Please reproduce the entries below exactly from the line with "Blamey : The" through their last line, leaving out any pictures.

========================================================================

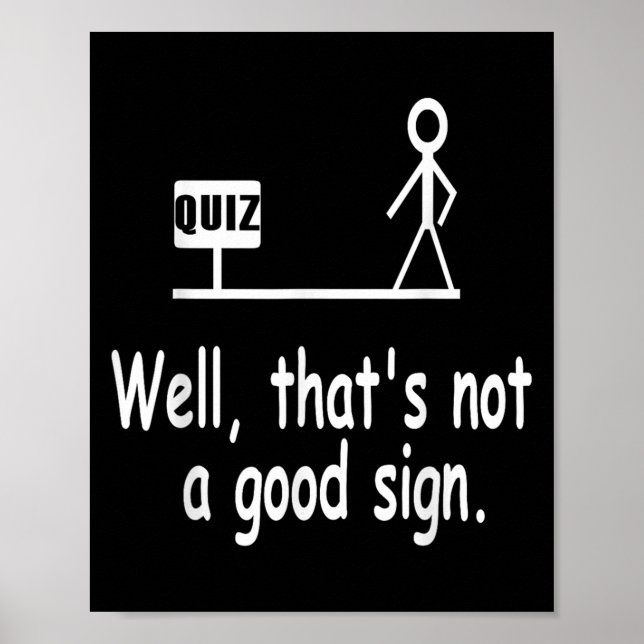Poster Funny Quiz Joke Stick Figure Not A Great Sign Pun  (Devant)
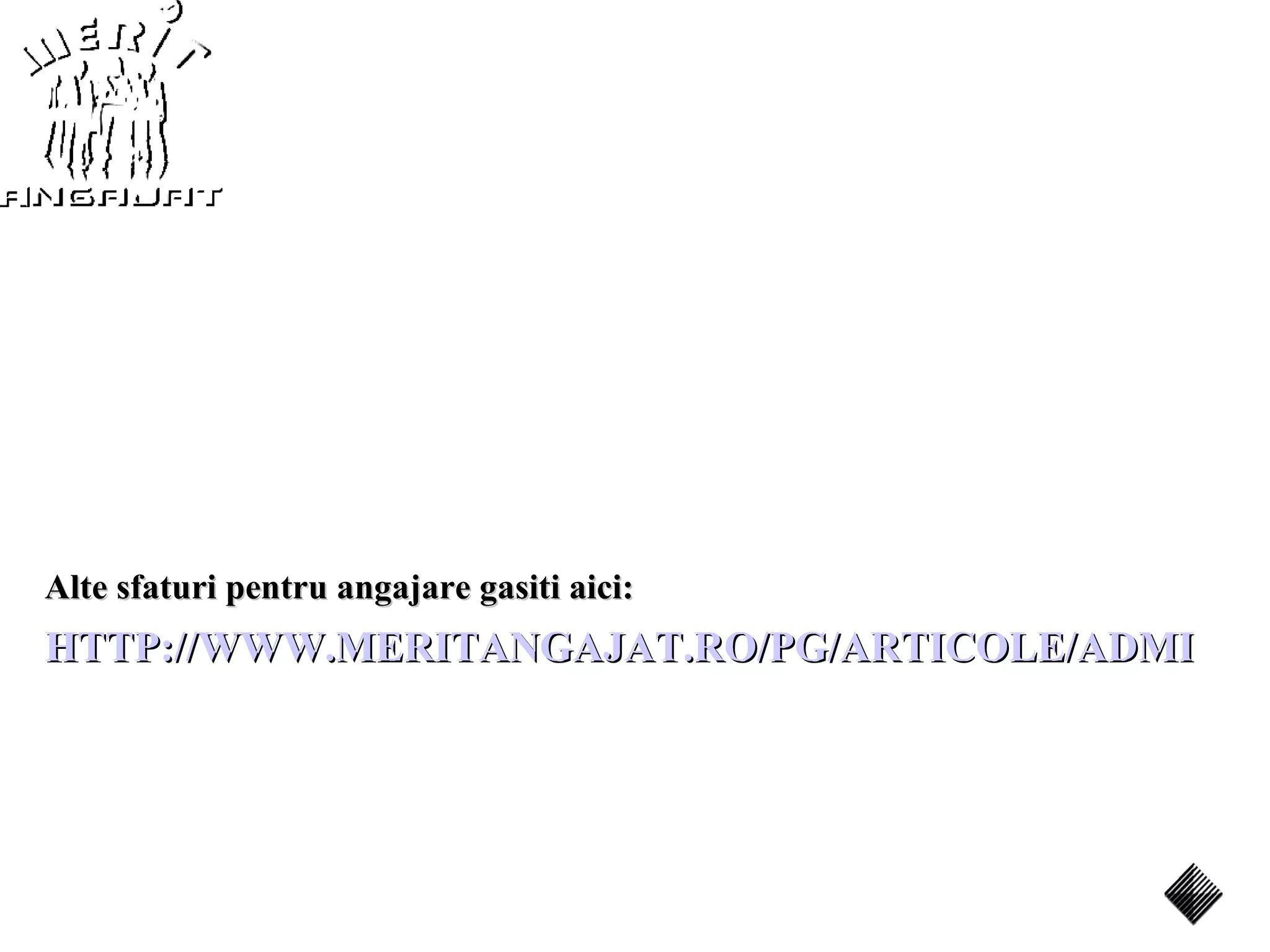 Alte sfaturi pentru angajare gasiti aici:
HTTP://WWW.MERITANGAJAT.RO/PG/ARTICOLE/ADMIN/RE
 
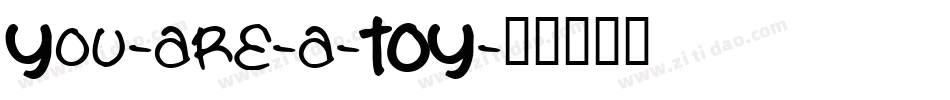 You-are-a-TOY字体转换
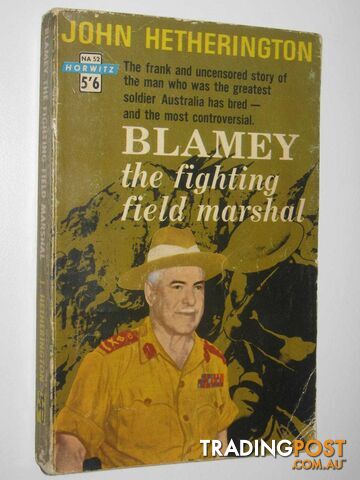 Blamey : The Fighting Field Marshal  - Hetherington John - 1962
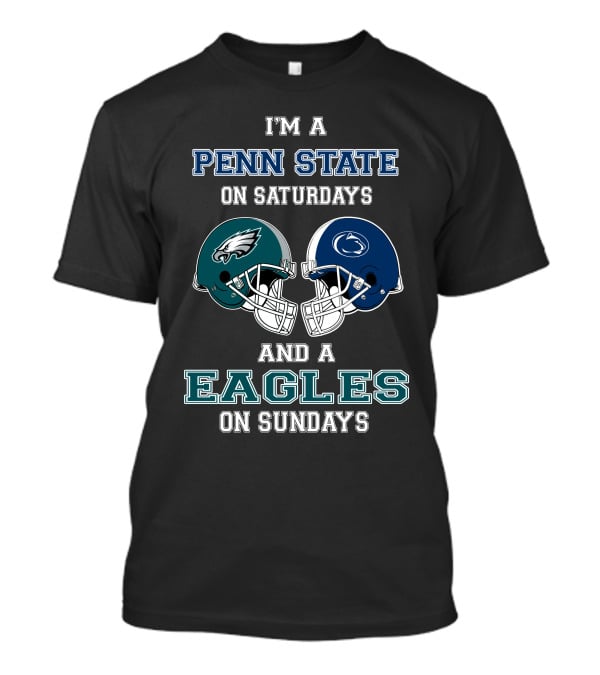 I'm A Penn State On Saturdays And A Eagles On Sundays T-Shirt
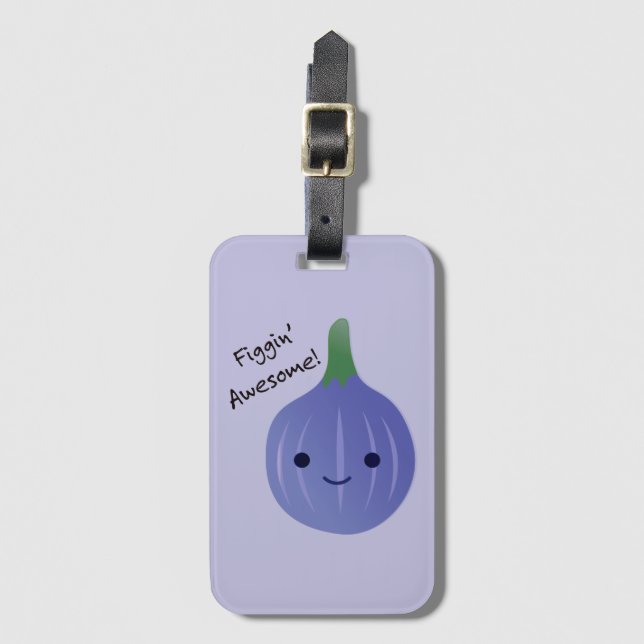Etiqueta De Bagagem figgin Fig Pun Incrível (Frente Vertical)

========================================================================

#### Exercise result:
 Blamey : The Fighting Field Marshal  - Hetherington John - 1962
 I'm A Penn State On Saturdays And A Eagles On Sundays T-Shirt
Etiqueta De Bagagem figgin Fig Pun Incrível (Frente Vertical)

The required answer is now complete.